Father Tom McKenna offers the following reflection Getting “In the Spirit” (Samuel 18; Romans 8)
The story of David and Goliath is set inside a larger narrative about the fall of Saul and the rise of David. And the difference between these two is that one, Saul, had the Spirit of Yahweh and then for a variety of reasons lost touch with it. The other, David, is portrayed in one instance after the other as being given this Spirit of Yahweh (e.g., by Samuel’s anointing), and then moving in and with that Spirit through a number of hair-raising adventures, one of which is this battle with the giant, Goliath. David loudly warns him “I come against you in the name of the Lord of hosts…Today, the Lord shall deliver you into my hand…For the battle is The Lord’s.”

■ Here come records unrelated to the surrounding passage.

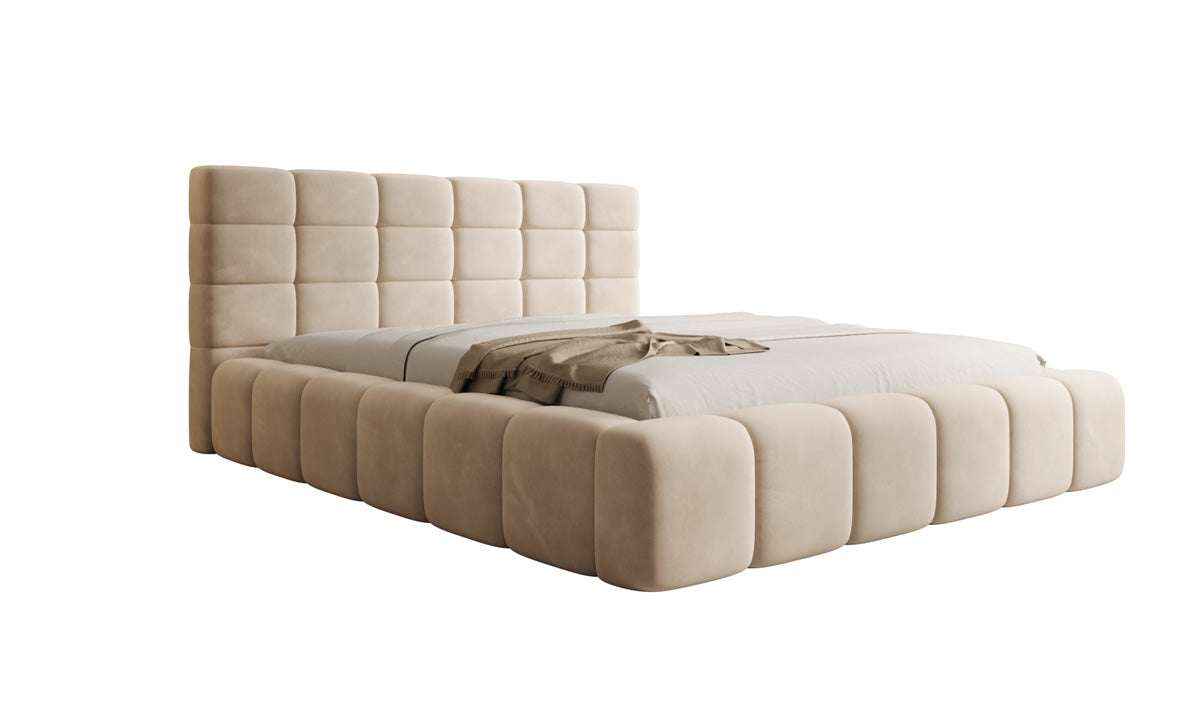Designer Upholstered Bed Marshmallow in Velvet with Storage Space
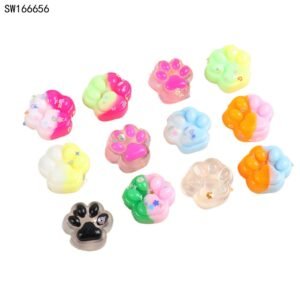 Cute Cat Paw Squishy Fidget Toy, Transparent Glitter Paw Squeeze Stress Relief Toy for Kids Party Favors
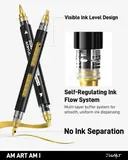 JusArt 3 Gold Dual-Tip Acrylic Paint Markers, Automatic Ink Control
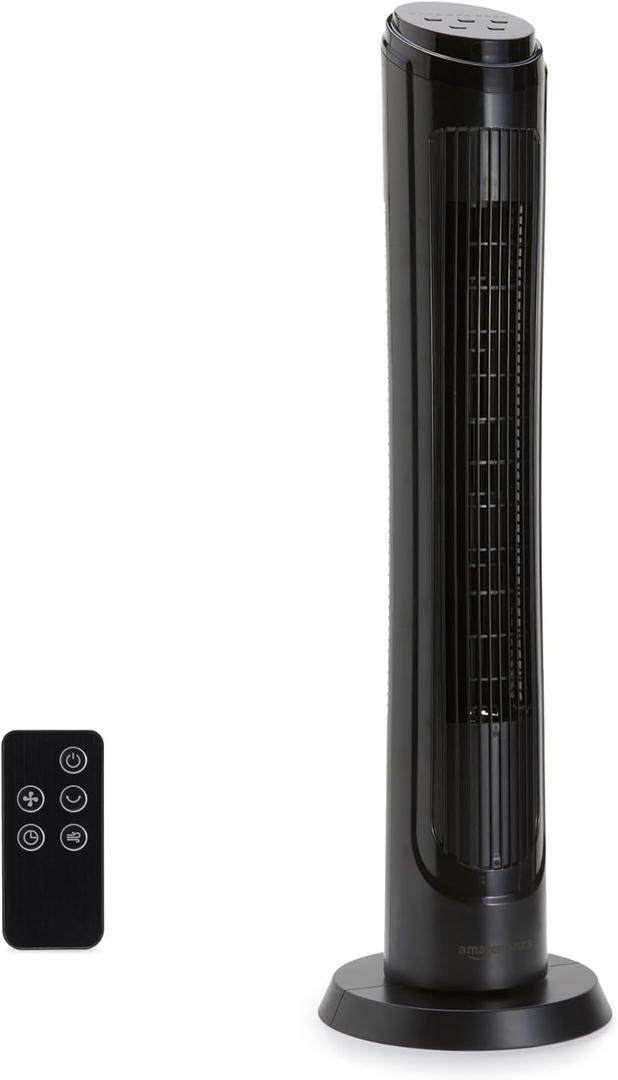 Amazon Basics 40" 70-Degree Oscillating Digital Tower Fan for Bedroom, Living Room, Office, With 4 Speeds, 3 Modes (Standard, Breeze, Nature), Timer Up to 15 Hours, Remote Control, 50W, Black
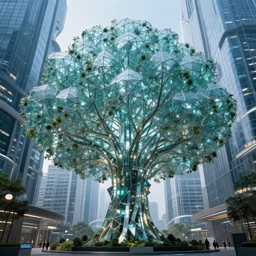 massive glass tree in center of futuristic city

This is an underlying lesson throughout the whole book of Samuel: people must be in living contact with the Spirit of the Lord if they are to do anything of worth for the Lord and the Lord’s people. Further, they have to be highly and intensely aware that they are doing all these things in and with this presence of the Lord working within. Again in David’s words “…it is not by sword or spear that the Lord saves, but by the Lords’ own hand.” The things that count are being done “in the name of the Lord of hosts.”
And so in David’s underdog victory over Goliath, we have a classic hero-tale which wraps around that fundamental fact: the absolute necessity to be working “in the Spirit,” the sine-qua-non prerequisite to be in touch with, filled, enlightened and strengthened by the Spirit of God.

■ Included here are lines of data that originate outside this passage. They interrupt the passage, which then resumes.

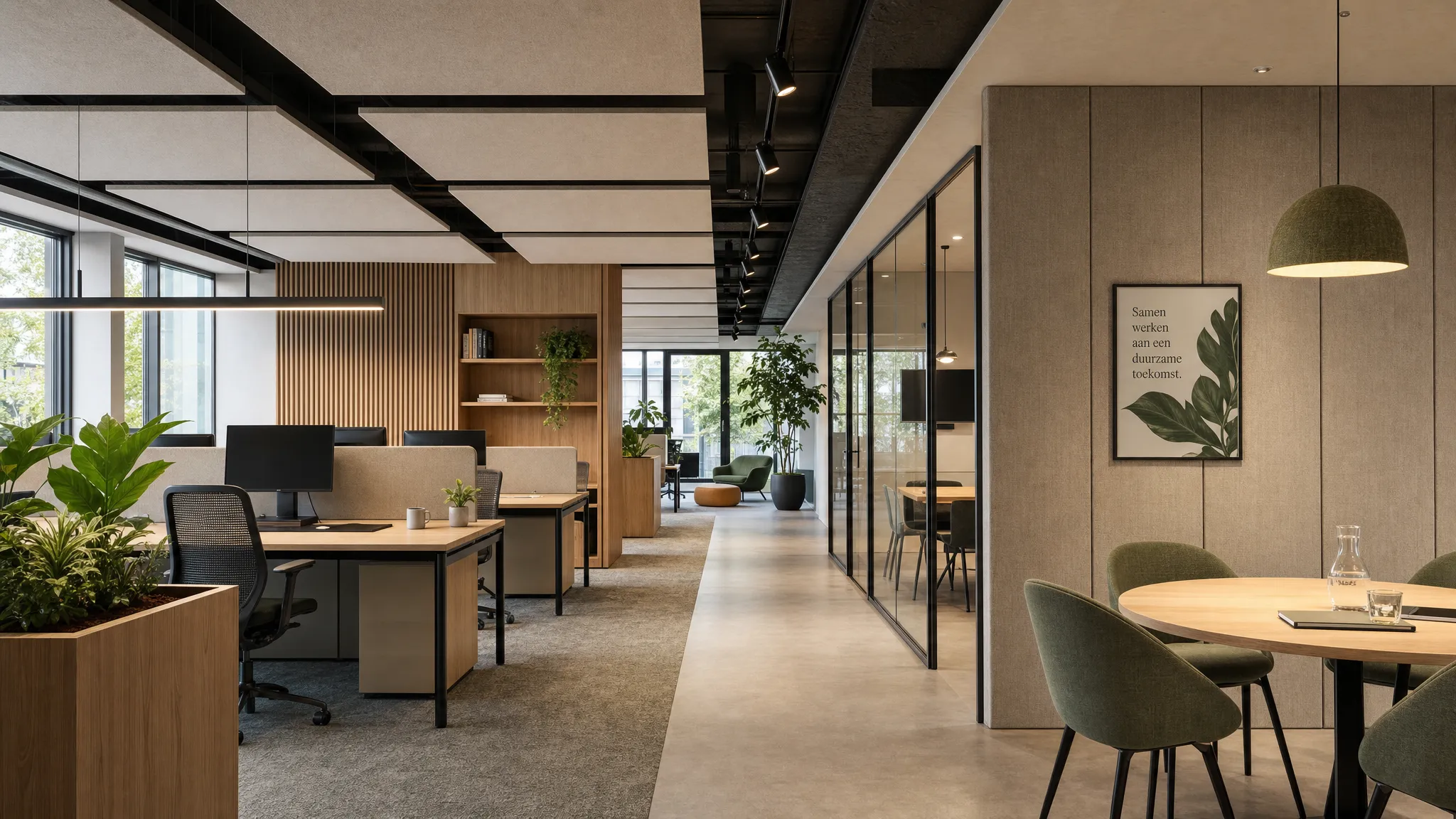 Een modern kantoorinterieur met akoestische plafondpanelen boven werkplekken en textielbeklede wandpanelen langs overlegzones, met een rustige uitstraling en natuurlijke materialen.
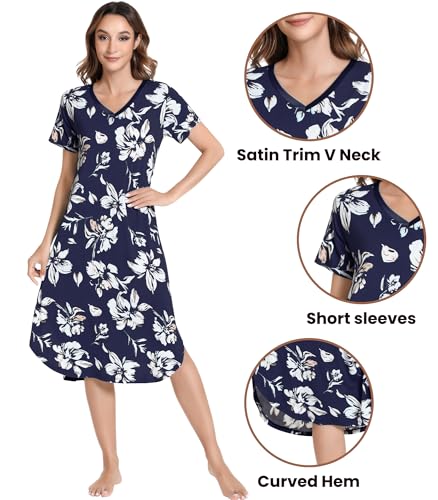 Image of NACHILA Nightgowns for Women-Viscose Made from Bamboo, V Neck Sleepshirts Short Sleeve Sleepwear Cool Nightshirt
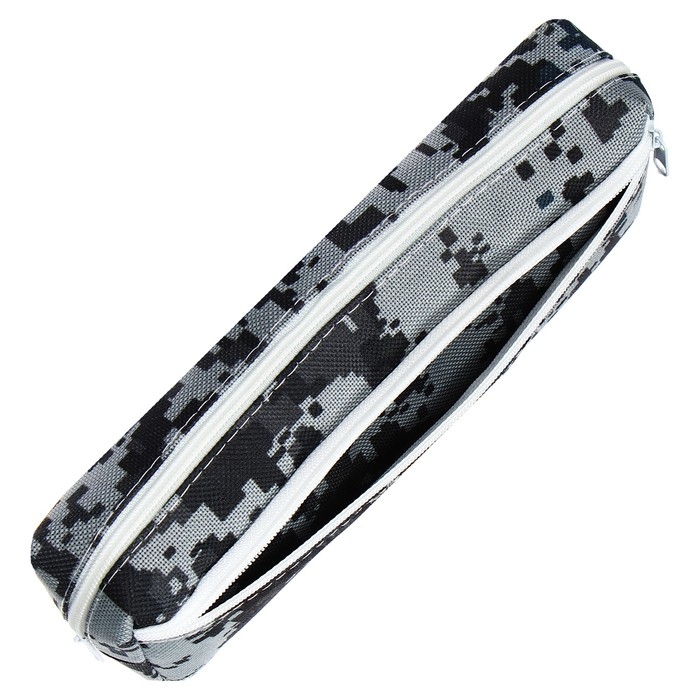 Пенал школьный на молнии Calligrata Пенал школьный на молнии Calligrata "Миллитари", 2 отделения, серый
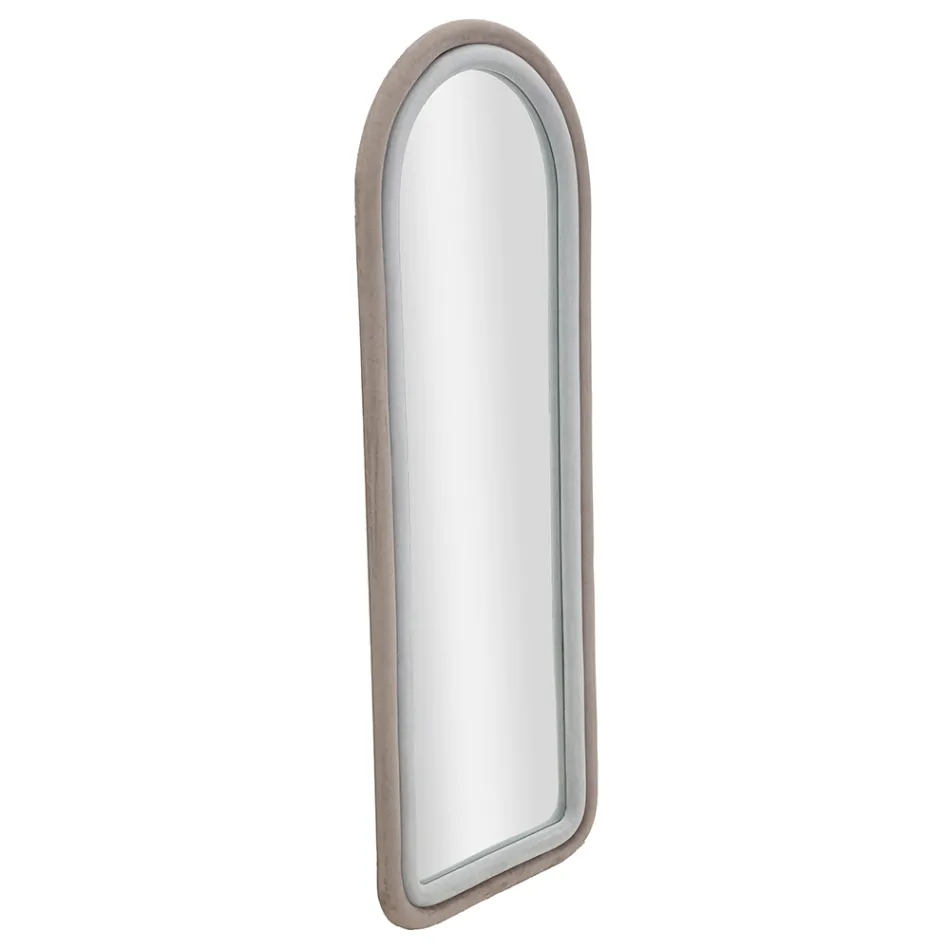 Oglindă de perete MDF acoperită cu catifea cu vârf arcuit - Jessica Viadurini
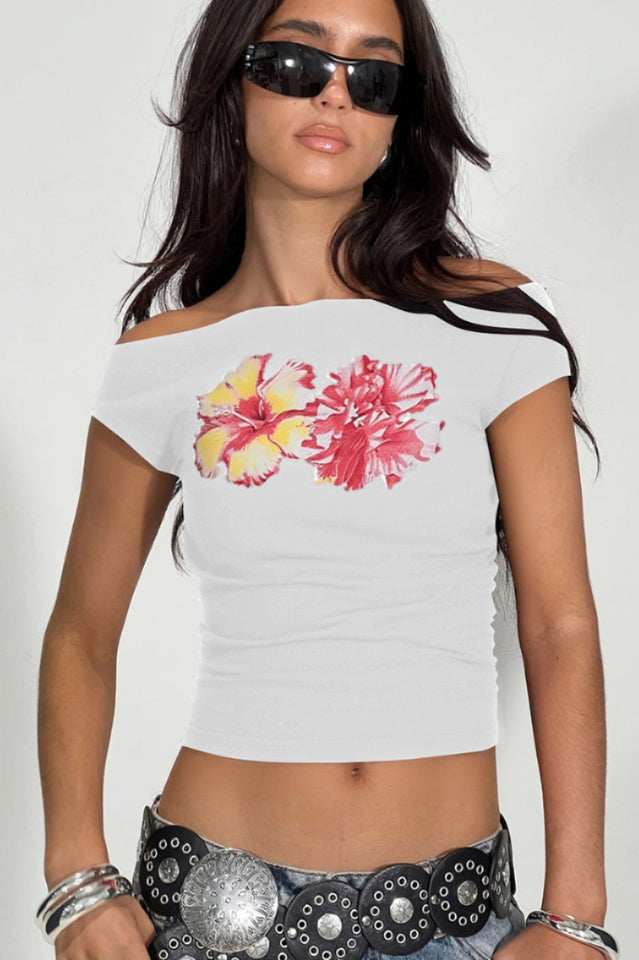 Twist Off Shoulder Graphic Top | Dress In Beauty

The New Testament champion (perhaps better, press agent!) of this truth is St. Paul. He’s the one who would keep this mantra before us, “In Christ, In The Spirit.” Whatever you do — teach, govern, work, head a household, administrate, prophesy, heal, preach – do it “In the Lord.”
It’s in Romans (8:26) where the Apostle makes an especially pointed application of this code-phrase to the act of praying. “In the same way, the Spirit helps us in our weakness. We do not know what we ought to pray for, but the Spirit himself intercedes for us through wordless groans.”

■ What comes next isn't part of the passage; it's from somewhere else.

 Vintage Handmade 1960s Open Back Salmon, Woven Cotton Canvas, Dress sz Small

Paraphrasing Paul: “Wrap your minds and hearts around this fact. When you first set out to pray, it can seem you’re the one doing all the praying. But not so. Someone, way deeper down inside you than even your own self, is already praying there. Don’t worry when you find yourself stumbling for thoughts and sentiments or feeling spiritually inarticulate. At that very moment something more profound is going on. The Spirit, sitting inside your thoughts and beneath your feelings, is praying your prayers. The Spirit of God is praying you.”
I once heard a speaker liken his initial attempts at prayer to his once going out on a first date with an introvert! He felt this terrible pressure to “keep up the conversation,” to fill in the silences. But as he got to know her better a deeper connection got made and the conversations took on more mutuality. And in time the words seemed to just flow. It was as if something deeper was filling the silences, keeping up the conversation. In his talk on prayer, he went on to testify that something similar happened to him as he began to pray more regularly – something/Somebody was “praying him.”
Whether battling a giant, teaching a truth, managing a project, serving a hungry person or coming before The Lord in prayer, there’s nothing of substance that happens for the Kingdom unless it’s done “in the Spirit.”